BUENOS AIRES (Reuters) – Argentina’s government said on Thursday that major creditor the International Monetary Fund (IMF) had originally wanted a “100%” devaluation of the country’s embattled peso currency, before the two sides agreed to a correction of 18% made earlier this week.

The comments, made by a government spokeswoman after similar ones by Economy Minister Sergio Massa, underscore rising pressure on the peso, which was devalued and pegged at 350 per dollar on Monday, though trades nearer 800 in parallel markets.

The IMF did not immediately respond to a request for comment.

Amid talks to speed up payouts from the country’s $44 billion IMF program, there has been pressure to allow the official exchange rate to drop in the line with parallel rates, seen as a truer reflection of the currency’s value. That would really be a 50% devaluation, but mean the cost of dollars would double, or rise 100%.

“Finally, the agreement we reached, which will mean that next week we will have almost $8 billion in disbursements, closed near 20%,” Massa, also the ruling Peronist coalition’s presidential candidate, said late on Wednesday.
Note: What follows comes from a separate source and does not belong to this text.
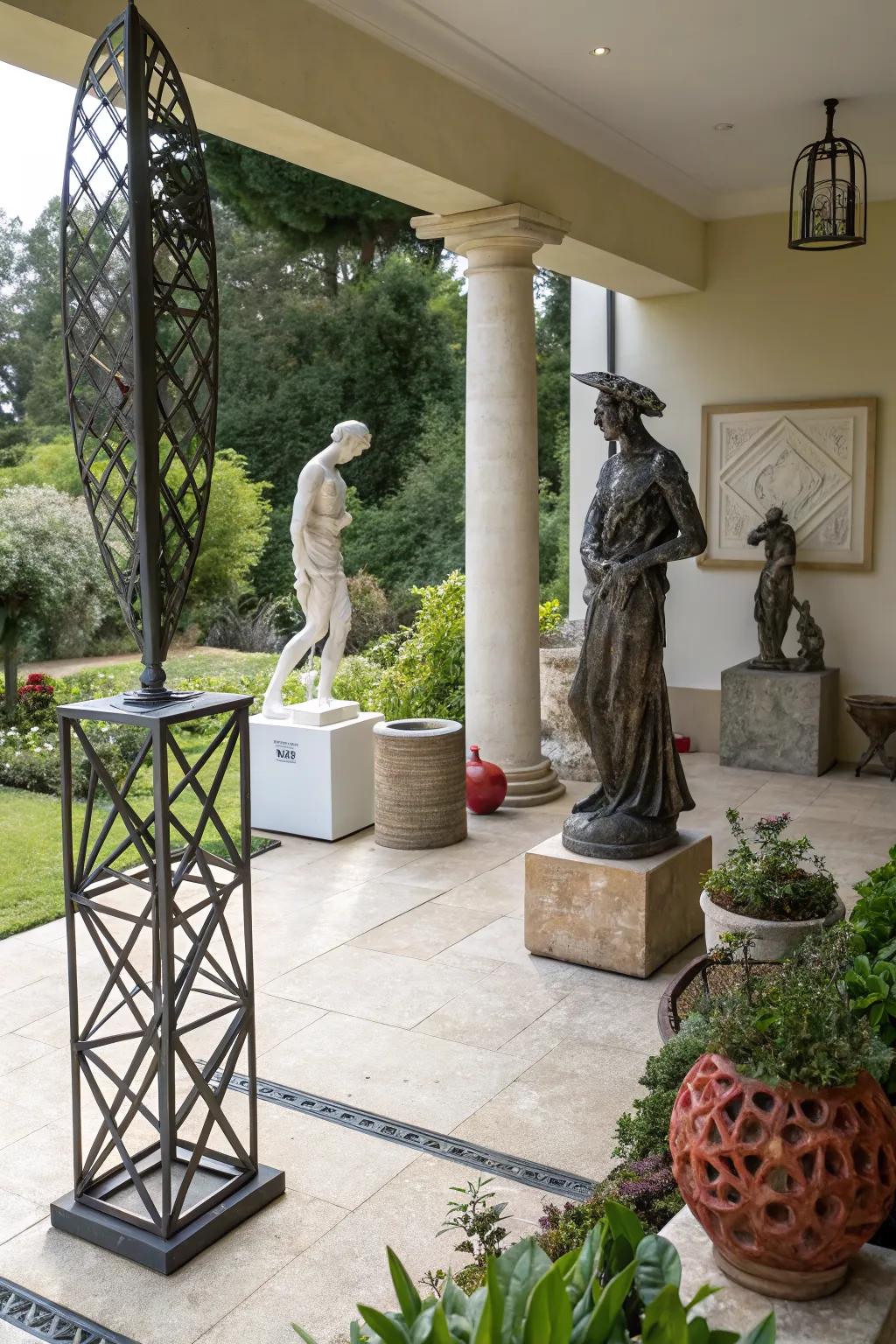 Art installations add sophistication to patios.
The IMF board is expected to meet next week to ratify the latest reviews of Argentina’s loan program, which would unlock disbursements the country badly needs to meet its obligations, with net foreign currency reserves seen in negative territory.

Inflation over 113% has stoked anger in the country amid a cost-of-living crisis, leading to a shock result in primary elections last week where a radical libertarian Javier Milei came in first place above the two mainstream political forces. General elections will be held in October.

On Thursday, presidential spokeswoman Gabriela Cerruti apologized to voters in a weekly press conference, after the Peronists came in third place in the primaries.

“There was a significant number of citizens who decided to express their anger, their frustration, their criticism, to express how they are having a bad time in their daily lives or how they see that the course of the country is wrong,” she said.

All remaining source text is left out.